= RECORDS PROVIDED =
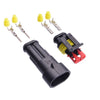 Superseal connector set 2-pin (pins & seals included) - KMS Webshop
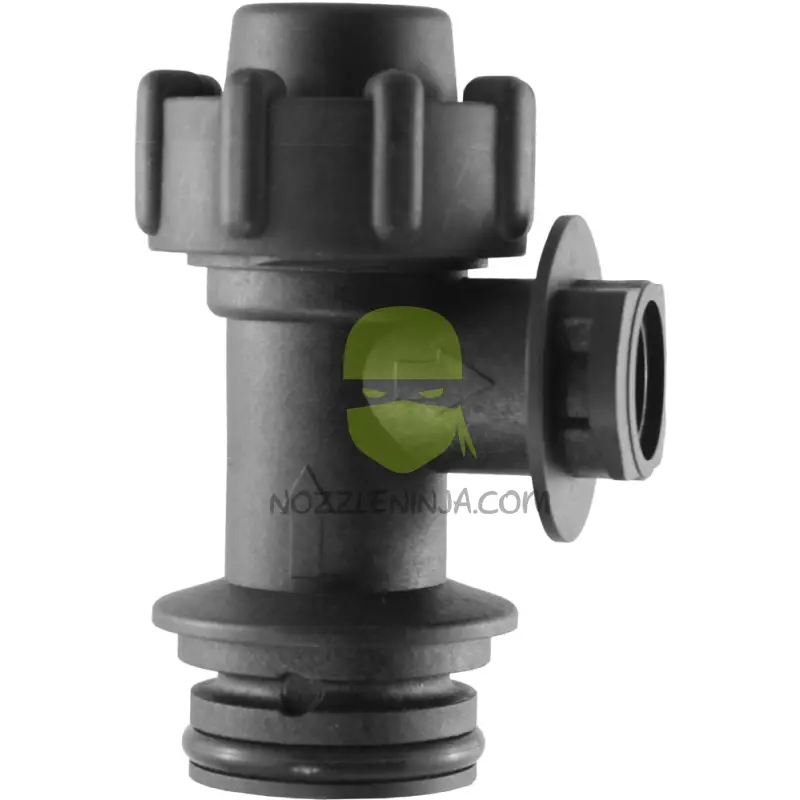 Diaphragm Check Valve Assy - Ors Male X Radialock Manifold System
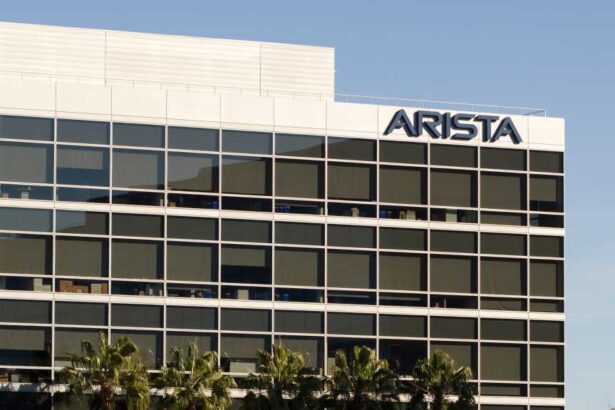 Headquarters of Arista Networks
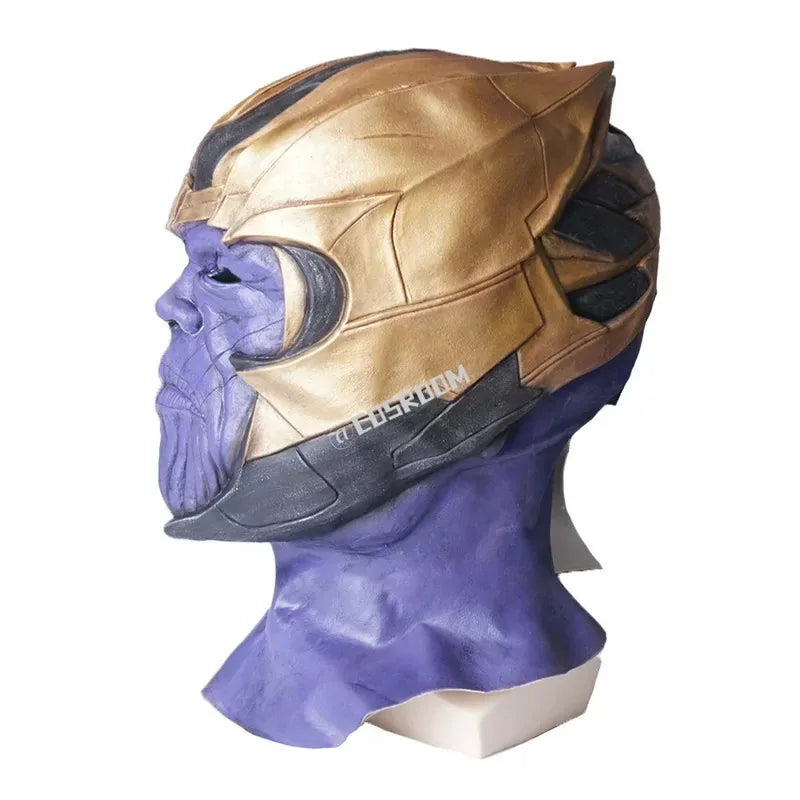 Maska cosplay Avengers Thanos – świecąca Rękawica Nieskończoności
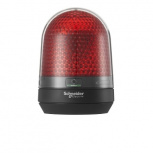 Schneider Electric Unidad LED Iluminada XVR3M04, 100 - 230V, Rojo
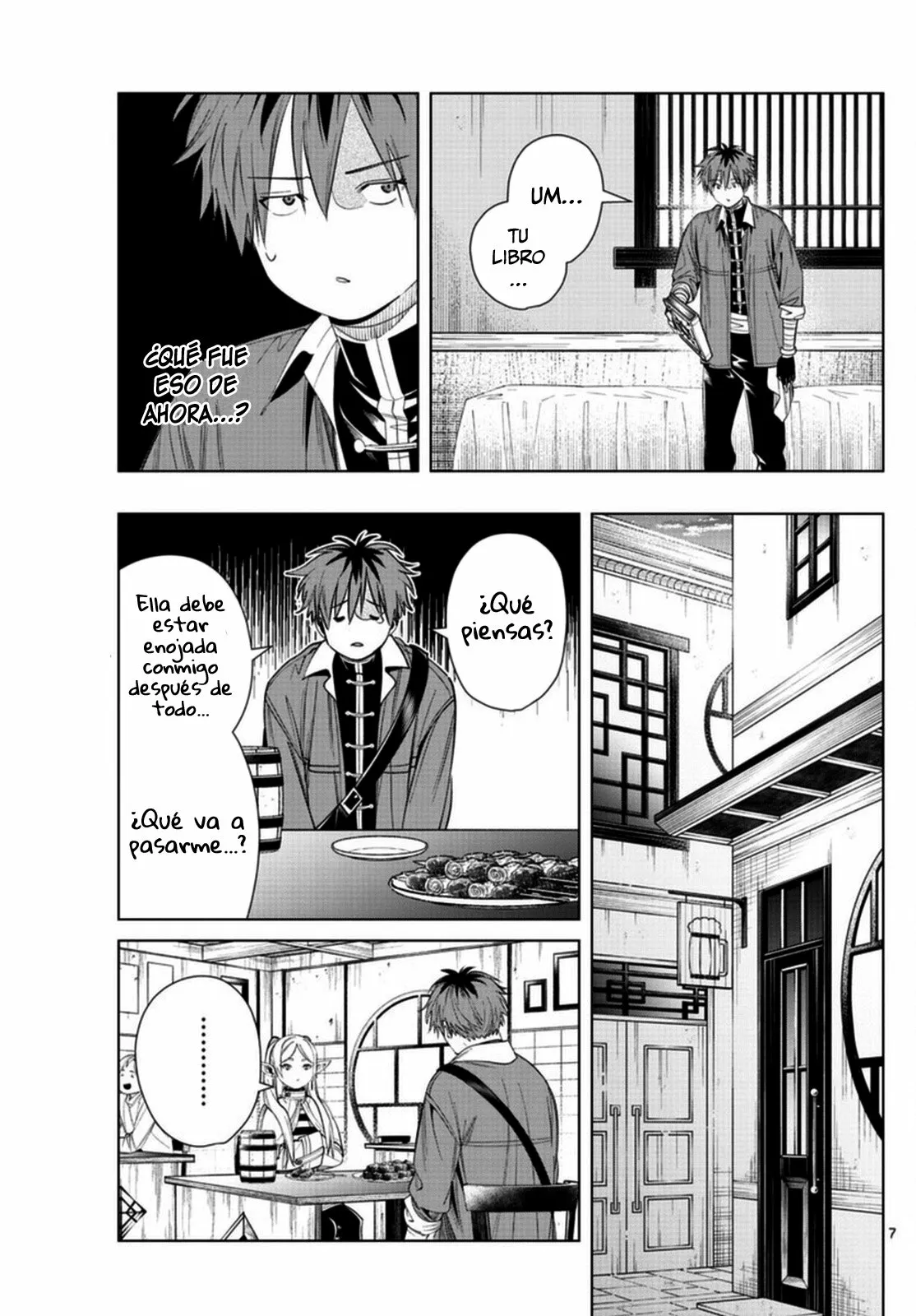 Página 8 del Manga
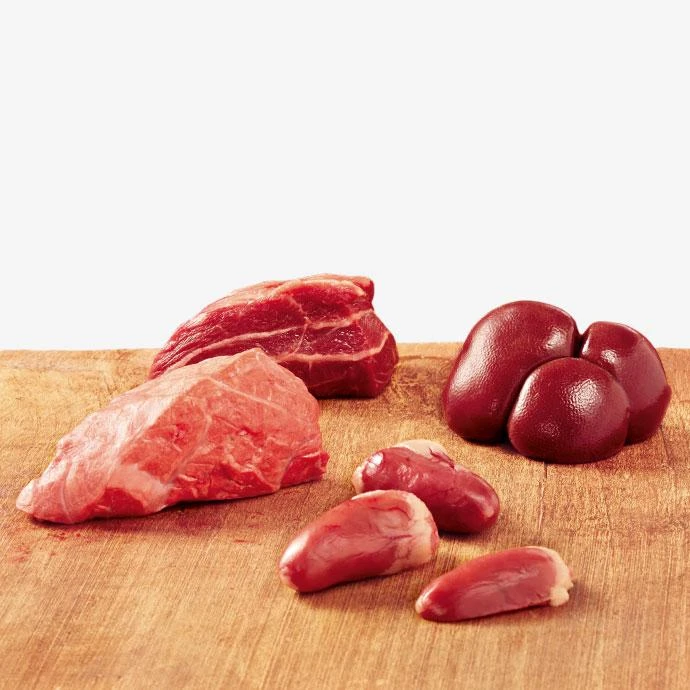 Animoda Animonda Grancarno adult 400g suaugusių šunų konservai su jautiena ir ančių širdelėmis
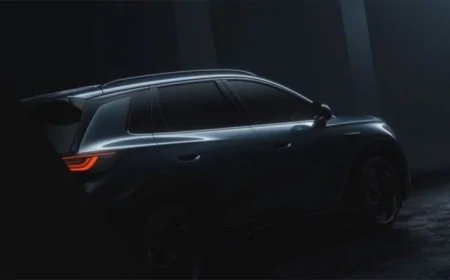 BYD Sealion 05'in ilk görüntüleri yayınlandı: İşte yeni elektrikli SUV!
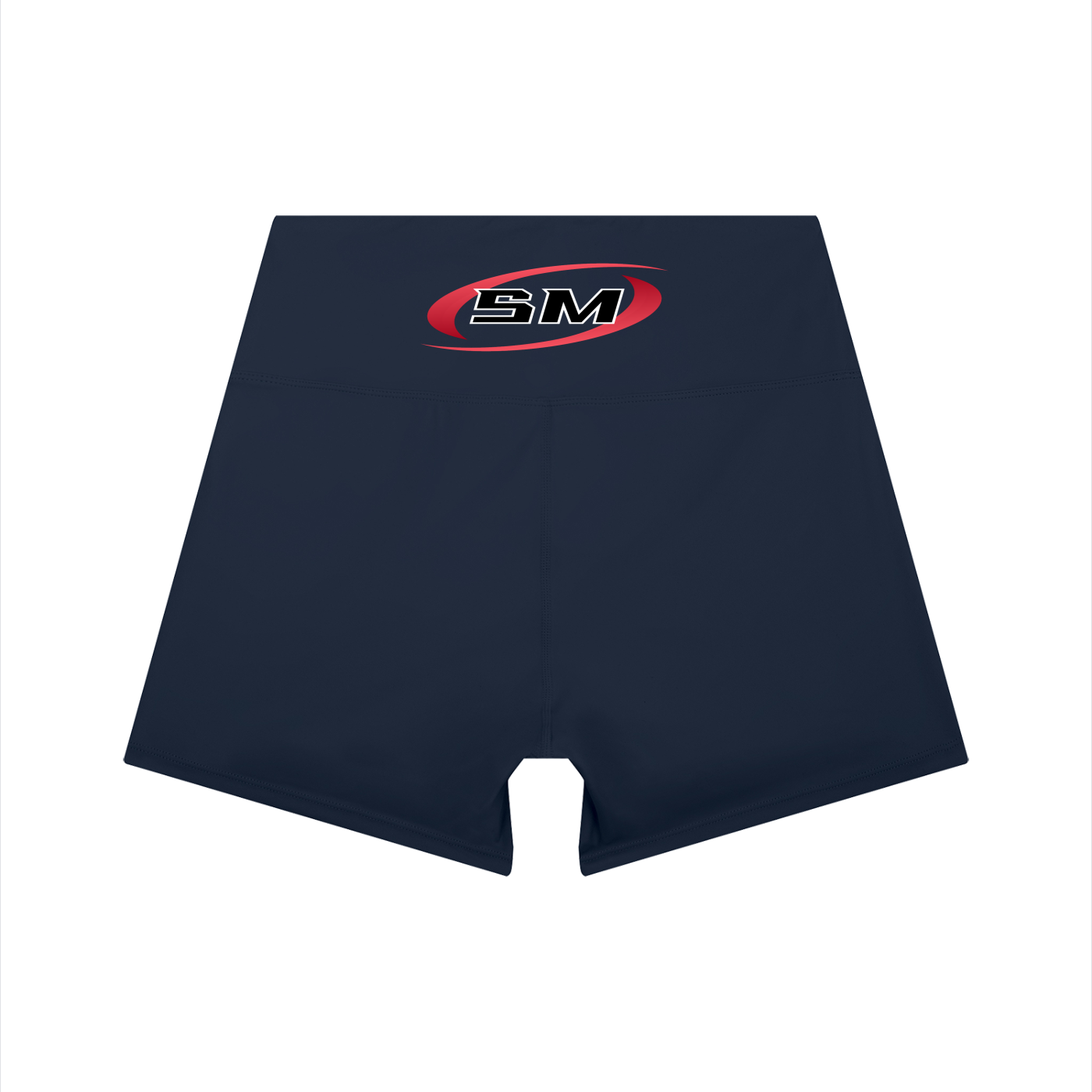 Women’s Sport Mode High-Waist Color Block Yoga Shorts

= TASK INSTRUCTIONS =
Give again, word for word, the line containing "Headquarters of Arista Networks" and every line after it to the end of the records; leave out the pictures.

= SOLUTION TO THIS EXERCISE =
 Headquarters of Arista Networks
 Maska cosplay Avengers Thanos – świecąca Rękawica Nieskończoności
 Schneider Electric Unidad LED Iluminada XVR3M04, 100 - 230V, Rojo
 Página 8 del Manga
 Animoda Animonda Grancarno adult 400g suaugusių šunų konservai su jautiena ir ančių širdelėmis
 BYD Sealion 05'in ilk görüntüleri yayınlandı: İşte yeni elektrikli SUV!
 Women’s Sport Mode High-Waist Color Block Yoga Shorts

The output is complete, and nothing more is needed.